**WORK ITEM**: Pick out the lines below that contain the string "Floral" and copy them all.

Short text fragments from websites:
___
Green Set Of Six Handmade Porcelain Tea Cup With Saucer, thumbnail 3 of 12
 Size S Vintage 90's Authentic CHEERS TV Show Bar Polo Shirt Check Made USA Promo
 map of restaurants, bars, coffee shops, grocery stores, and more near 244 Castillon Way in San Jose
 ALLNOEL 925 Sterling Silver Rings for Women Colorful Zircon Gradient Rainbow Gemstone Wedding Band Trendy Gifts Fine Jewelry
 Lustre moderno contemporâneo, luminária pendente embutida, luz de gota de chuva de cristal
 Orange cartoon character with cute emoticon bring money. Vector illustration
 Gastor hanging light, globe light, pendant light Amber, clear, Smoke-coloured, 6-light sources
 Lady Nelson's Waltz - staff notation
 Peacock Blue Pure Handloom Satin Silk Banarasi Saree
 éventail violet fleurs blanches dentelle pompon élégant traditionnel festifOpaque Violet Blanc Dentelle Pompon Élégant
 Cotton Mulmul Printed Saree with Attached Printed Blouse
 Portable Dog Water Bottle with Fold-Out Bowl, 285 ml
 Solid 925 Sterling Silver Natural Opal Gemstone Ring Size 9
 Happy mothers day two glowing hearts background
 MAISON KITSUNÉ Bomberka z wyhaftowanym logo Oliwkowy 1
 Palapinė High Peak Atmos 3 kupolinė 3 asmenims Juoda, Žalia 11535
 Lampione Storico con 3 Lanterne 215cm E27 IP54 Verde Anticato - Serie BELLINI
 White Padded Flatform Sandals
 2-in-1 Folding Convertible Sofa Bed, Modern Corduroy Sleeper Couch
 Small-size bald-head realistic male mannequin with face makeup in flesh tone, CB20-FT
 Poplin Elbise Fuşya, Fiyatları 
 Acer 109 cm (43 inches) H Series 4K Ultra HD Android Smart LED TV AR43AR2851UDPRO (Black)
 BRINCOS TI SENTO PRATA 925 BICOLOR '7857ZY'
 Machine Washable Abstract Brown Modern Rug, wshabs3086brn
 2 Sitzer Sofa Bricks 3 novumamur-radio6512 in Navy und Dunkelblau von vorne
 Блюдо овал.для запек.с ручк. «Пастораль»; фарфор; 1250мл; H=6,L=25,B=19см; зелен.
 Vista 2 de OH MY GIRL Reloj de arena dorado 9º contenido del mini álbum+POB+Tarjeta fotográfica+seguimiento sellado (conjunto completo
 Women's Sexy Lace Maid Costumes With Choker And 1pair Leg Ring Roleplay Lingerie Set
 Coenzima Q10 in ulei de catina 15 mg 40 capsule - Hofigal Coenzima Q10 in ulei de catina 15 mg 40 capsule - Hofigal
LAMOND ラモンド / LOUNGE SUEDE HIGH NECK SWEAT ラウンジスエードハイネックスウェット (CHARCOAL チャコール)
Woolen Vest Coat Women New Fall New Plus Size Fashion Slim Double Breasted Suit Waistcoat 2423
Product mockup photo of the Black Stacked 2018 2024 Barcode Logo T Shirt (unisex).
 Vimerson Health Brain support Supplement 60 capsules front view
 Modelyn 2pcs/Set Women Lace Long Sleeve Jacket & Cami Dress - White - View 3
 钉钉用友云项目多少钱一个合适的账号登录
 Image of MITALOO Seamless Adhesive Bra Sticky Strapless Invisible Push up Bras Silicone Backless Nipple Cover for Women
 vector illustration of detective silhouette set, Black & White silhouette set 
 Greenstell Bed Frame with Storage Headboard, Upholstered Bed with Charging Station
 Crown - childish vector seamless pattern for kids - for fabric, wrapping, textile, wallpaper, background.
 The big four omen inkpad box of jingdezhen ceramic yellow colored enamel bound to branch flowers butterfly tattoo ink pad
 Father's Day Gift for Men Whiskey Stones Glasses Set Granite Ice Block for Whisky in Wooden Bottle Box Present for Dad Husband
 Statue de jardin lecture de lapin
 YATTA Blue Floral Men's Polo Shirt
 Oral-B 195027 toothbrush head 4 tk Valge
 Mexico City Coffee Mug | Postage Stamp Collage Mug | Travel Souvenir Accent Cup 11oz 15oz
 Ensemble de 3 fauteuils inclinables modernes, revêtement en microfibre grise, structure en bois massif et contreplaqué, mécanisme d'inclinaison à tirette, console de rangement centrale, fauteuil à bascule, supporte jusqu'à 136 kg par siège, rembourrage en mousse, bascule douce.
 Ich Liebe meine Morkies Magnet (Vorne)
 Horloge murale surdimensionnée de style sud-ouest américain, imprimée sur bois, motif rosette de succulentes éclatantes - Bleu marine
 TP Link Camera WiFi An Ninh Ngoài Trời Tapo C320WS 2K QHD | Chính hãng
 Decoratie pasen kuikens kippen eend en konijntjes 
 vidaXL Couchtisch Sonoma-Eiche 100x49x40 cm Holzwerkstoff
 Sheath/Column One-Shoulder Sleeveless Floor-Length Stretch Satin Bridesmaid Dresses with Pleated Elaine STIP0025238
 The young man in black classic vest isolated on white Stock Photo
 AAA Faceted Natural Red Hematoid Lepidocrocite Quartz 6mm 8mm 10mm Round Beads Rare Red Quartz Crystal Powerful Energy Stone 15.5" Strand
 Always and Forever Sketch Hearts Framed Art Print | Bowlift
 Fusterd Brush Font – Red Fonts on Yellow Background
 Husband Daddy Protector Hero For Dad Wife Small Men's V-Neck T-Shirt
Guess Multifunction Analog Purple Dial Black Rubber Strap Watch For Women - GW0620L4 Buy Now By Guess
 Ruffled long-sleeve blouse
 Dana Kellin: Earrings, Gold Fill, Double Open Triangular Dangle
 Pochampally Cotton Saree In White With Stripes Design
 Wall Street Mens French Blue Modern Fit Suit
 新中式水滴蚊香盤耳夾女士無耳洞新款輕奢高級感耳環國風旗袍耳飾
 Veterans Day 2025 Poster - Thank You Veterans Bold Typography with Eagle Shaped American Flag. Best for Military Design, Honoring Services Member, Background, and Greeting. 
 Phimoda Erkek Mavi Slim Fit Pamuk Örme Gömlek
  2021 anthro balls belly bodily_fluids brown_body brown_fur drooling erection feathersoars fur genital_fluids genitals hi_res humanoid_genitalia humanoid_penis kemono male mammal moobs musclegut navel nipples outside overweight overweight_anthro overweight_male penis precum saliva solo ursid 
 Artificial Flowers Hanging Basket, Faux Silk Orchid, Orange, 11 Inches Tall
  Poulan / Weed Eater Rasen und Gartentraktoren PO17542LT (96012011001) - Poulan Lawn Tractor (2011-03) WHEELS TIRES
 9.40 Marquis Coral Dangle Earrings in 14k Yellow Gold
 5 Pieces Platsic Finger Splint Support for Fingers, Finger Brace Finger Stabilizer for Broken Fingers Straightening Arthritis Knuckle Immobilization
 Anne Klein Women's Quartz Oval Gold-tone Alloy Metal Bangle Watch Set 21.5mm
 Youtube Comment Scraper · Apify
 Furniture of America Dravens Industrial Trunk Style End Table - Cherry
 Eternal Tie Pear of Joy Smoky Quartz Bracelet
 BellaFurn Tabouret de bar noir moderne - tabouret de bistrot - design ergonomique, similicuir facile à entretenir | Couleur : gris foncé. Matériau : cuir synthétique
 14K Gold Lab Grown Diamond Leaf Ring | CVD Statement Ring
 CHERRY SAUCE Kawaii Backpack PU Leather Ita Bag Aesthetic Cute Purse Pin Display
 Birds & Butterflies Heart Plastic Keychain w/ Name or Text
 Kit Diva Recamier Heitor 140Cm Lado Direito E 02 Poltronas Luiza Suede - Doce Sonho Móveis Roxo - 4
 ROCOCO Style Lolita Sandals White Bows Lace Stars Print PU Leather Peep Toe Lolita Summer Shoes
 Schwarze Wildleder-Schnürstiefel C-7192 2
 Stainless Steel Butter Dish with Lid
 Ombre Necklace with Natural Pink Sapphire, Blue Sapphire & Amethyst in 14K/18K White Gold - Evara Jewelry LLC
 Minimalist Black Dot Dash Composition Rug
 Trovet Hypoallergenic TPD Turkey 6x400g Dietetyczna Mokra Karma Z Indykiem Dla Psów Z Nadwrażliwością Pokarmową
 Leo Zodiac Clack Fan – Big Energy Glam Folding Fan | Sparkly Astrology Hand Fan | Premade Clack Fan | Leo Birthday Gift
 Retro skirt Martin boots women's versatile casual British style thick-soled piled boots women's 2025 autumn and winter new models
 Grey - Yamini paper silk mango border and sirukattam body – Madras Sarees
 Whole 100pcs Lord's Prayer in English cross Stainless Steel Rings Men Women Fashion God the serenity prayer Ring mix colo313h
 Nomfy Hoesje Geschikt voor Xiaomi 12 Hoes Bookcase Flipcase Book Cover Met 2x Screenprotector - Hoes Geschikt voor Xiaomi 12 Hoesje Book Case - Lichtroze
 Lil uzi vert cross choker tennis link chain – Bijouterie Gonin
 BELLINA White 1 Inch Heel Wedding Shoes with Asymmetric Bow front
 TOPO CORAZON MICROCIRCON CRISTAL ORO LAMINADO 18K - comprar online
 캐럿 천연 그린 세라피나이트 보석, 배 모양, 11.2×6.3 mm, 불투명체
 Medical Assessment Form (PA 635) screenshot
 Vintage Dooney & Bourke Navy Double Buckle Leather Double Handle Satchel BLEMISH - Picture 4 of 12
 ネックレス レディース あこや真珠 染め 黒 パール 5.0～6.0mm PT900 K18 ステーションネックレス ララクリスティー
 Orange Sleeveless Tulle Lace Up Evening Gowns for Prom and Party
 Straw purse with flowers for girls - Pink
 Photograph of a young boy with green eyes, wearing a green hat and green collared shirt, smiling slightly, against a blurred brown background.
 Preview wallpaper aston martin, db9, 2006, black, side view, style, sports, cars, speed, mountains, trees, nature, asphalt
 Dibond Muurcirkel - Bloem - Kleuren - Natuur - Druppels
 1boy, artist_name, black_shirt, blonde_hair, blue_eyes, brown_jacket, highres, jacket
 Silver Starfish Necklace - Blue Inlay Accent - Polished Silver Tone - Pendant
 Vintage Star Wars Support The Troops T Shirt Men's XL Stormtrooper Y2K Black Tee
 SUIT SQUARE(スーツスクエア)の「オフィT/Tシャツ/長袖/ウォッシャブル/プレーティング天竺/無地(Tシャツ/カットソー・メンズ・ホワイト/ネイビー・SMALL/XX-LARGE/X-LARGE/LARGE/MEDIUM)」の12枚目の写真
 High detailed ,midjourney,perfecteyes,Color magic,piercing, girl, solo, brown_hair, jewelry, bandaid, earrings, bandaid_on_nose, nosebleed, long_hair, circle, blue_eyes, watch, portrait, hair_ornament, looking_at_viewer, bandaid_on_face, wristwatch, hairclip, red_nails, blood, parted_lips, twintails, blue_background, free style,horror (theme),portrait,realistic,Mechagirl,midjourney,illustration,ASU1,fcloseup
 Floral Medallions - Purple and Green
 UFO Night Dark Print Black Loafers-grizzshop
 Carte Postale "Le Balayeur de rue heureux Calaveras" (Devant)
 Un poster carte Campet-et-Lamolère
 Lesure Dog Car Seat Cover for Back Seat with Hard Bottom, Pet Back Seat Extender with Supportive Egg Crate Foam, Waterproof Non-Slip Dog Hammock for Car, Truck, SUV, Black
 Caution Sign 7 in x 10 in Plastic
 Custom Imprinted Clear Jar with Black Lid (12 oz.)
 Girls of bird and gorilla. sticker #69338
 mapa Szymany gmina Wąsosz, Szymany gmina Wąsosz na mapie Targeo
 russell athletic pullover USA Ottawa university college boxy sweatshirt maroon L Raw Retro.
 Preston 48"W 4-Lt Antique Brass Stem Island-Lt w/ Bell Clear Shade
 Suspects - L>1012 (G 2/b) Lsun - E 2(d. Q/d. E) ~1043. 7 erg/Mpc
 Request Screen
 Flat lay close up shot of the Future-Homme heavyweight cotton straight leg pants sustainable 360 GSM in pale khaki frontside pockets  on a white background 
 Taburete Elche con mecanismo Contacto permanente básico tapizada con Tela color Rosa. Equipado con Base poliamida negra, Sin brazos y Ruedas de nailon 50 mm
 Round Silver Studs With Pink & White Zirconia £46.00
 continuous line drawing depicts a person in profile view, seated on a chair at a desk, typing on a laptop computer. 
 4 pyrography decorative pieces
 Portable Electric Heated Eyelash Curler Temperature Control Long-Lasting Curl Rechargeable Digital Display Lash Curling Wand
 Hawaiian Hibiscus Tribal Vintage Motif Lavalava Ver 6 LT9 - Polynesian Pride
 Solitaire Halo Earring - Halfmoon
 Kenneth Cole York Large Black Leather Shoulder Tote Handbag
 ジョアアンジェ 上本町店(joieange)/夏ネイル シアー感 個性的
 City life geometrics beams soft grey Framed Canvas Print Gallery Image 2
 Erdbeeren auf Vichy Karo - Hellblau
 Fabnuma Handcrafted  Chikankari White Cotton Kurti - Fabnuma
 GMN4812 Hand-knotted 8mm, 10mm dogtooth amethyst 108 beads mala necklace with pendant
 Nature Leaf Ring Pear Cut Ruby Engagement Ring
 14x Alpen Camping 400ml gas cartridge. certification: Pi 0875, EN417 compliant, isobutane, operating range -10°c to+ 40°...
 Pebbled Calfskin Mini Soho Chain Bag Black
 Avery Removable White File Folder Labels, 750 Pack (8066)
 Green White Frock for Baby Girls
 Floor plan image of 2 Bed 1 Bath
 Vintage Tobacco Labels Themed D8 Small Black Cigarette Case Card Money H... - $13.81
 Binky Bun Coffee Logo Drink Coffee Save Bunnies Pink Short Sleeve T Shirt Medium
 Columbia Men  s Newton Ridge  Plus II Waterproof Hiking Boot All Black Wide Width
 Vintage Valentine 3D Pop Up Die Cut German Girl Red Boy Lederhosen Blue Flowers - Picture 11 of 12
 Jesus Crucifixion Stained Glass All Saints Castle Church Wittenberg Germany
___
**WRITTEN ANSWER**:
 YATTA Blue Floral Men's Polo Shirt
 Floral Medallions - Purple and Green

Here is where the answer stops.